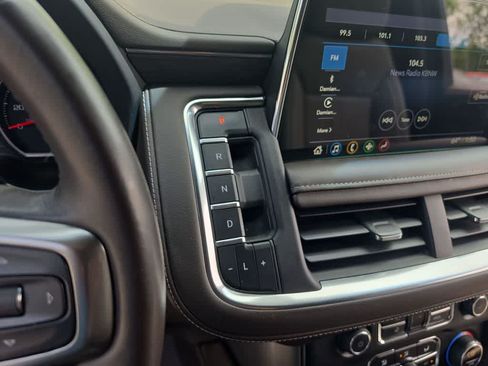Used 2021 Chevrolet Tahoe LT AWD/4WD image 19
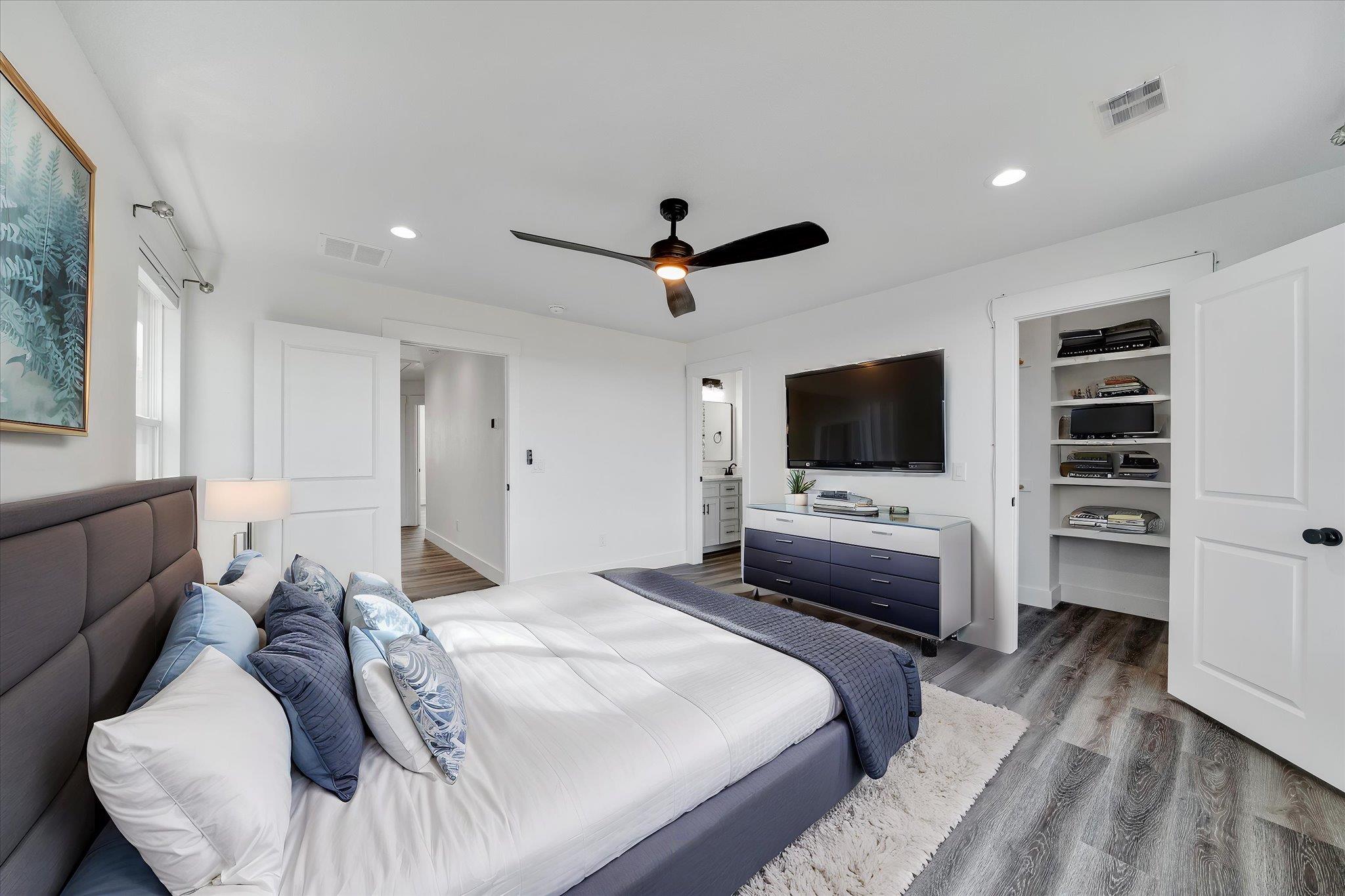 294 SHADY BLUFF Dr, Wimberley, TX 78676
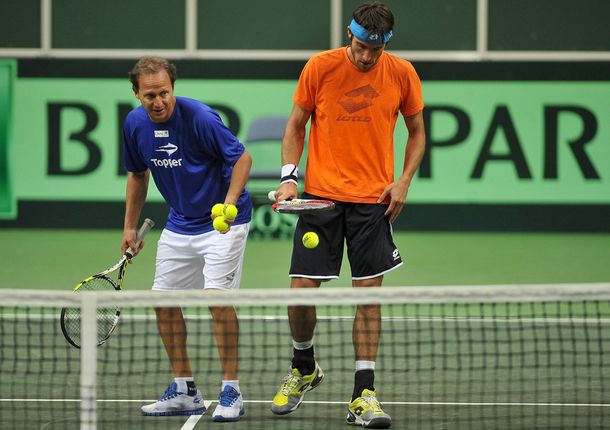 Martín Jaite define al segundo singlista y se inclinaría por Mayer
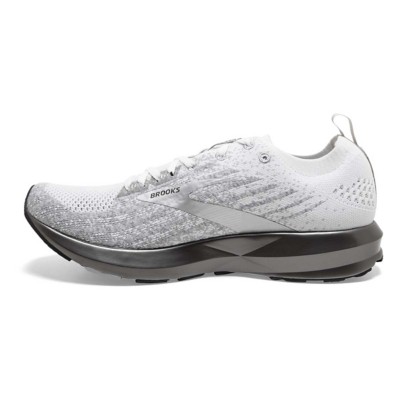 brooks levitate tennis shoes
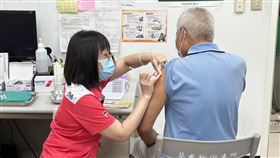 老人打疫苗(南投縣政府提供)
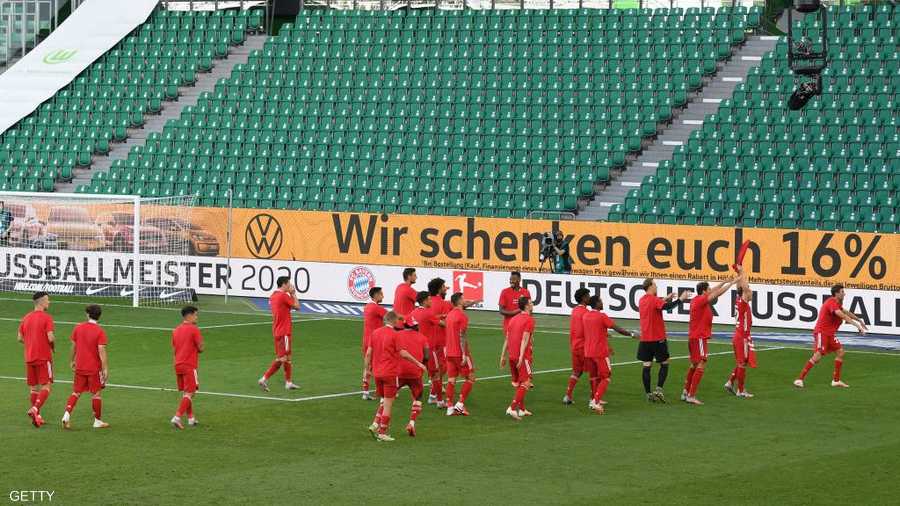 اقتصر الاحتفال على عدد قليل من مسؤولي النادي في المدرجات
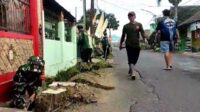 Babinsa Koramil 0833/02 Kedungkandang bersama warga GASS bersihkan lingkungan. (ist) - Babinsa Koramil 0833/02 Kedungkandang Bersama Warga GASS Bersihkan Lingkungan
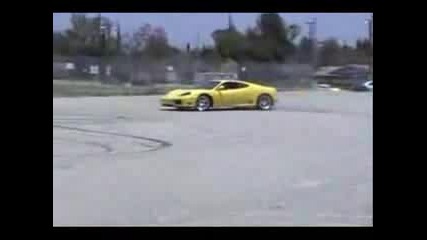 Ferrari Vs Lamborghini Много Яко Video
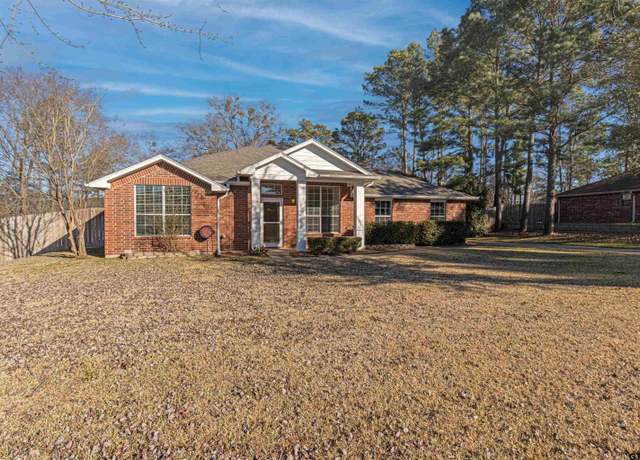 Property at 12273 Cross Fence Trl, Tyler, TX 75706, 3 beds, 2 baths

○ ○ ○ ○ ○

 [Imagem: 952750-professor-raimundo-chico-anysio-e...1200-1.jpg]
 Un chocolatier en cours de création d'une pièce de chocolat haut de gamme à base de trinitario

○ ○ ○ ○ ○

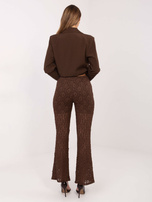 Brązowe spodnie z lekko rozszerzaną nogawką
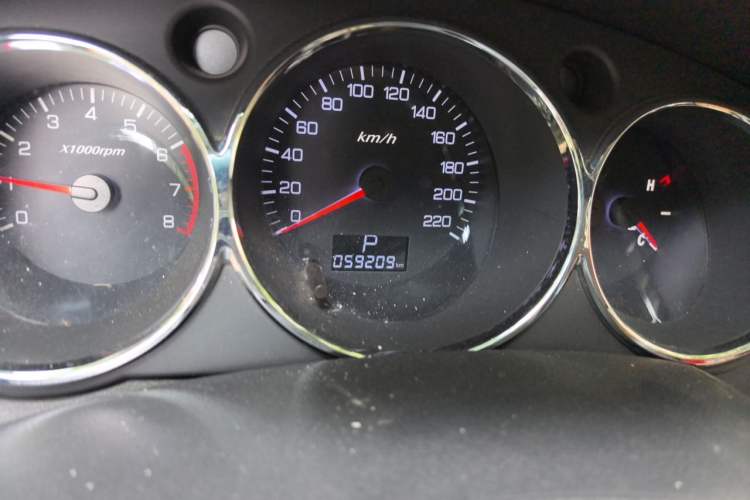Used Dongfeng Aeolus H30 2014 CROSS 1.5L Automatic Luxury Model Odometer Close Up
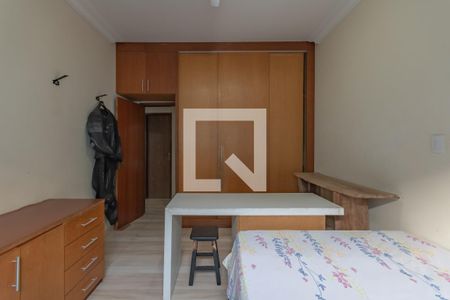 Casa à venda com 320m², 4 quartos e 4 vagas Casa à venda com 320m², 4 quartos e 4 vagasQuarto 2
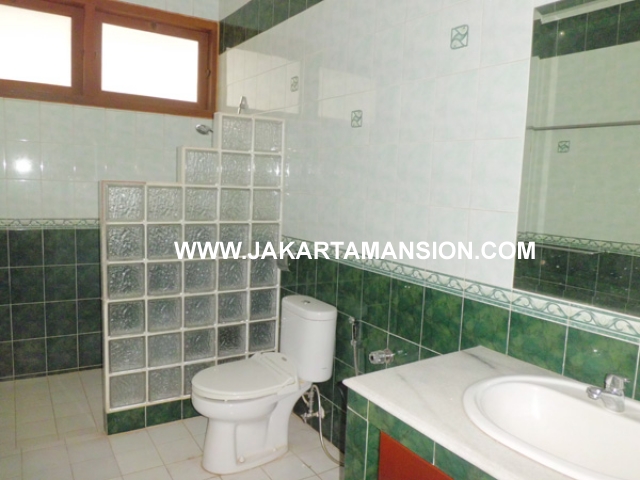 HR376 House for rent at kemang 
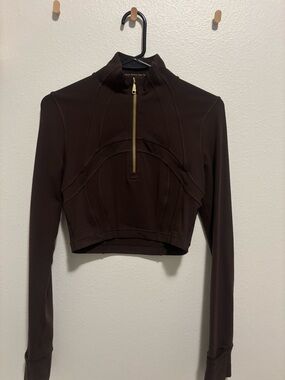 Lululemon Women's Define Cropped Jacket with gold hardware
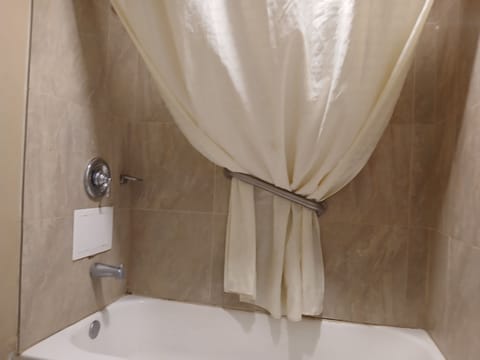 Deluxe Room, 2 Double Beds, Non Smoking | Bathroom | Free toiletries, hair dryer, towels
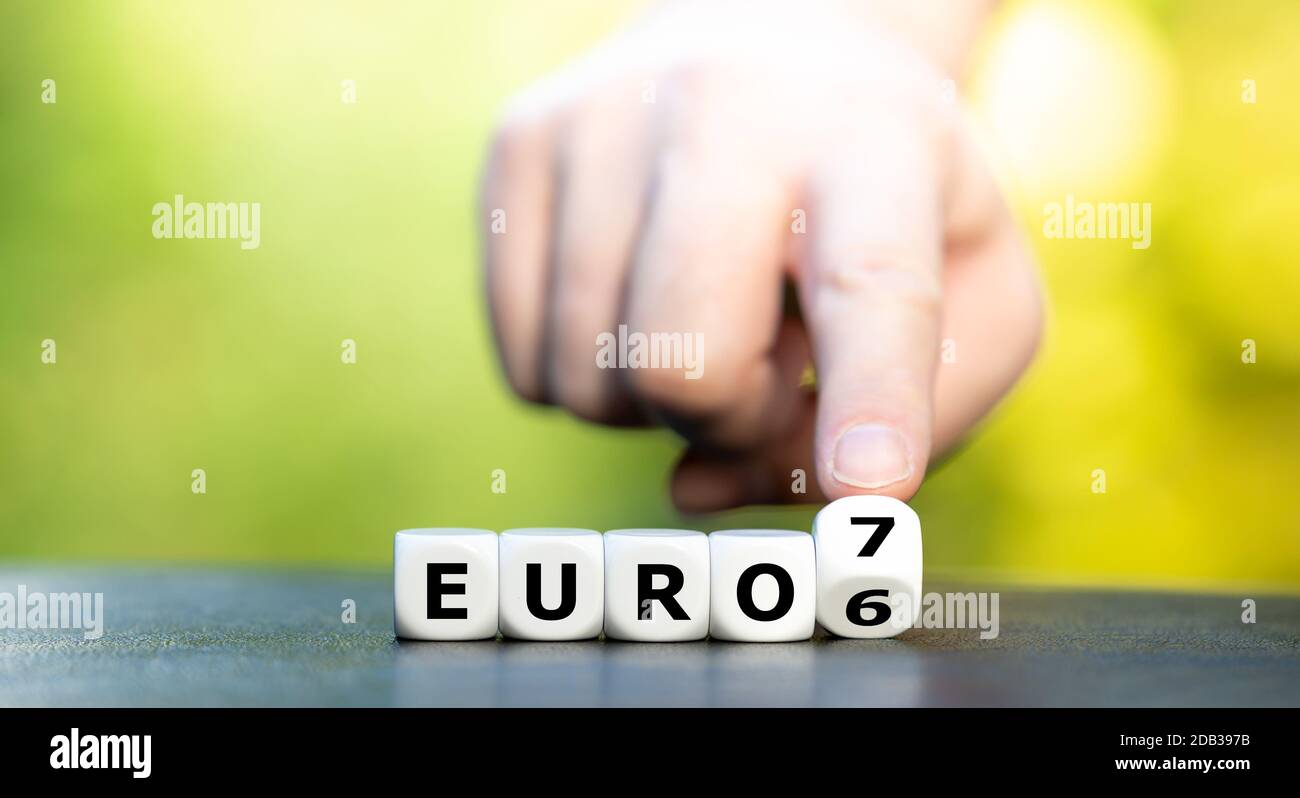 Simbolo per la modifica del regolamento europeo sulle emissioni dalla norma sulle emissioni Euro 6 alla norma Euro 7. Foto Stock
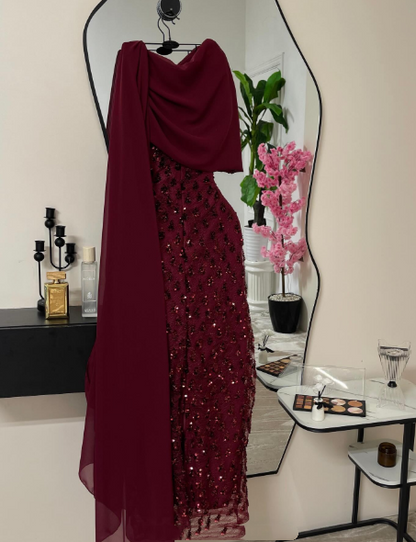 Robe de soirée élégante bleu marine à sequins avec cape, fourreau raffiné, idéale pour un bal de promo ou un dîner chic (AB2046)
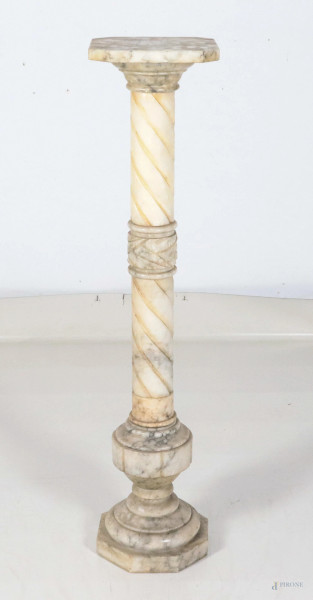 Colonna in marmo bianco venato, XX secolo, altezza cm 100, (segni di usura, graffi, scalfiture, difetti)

○ ○ ○ ○ ○

Pictures aside, print exactly the lines above starting with the one containing "老人打疫苗(南投縣政府提供)" and going on through the one containing "Property at 12273".

 老人打疫苗(南投縣政府提供)
 اقتصر الاحتفال على عدد قليل من مسؤولي النادي في المدرجات
 Babinsa Koramil 0833/02 Kedungkandang bersama warga GASS bersihkan lingkungan. (ist) - Babinsa Koramil 0833/02 Kedungkandang Bersama Warga GASS Bersihkan Lingkungan
 Ferrari Vs Lamborghini Много Яко Video
 Property at 12273 Cross Fence Trl, Tyler, TX 75706, 3 beds, 2 baths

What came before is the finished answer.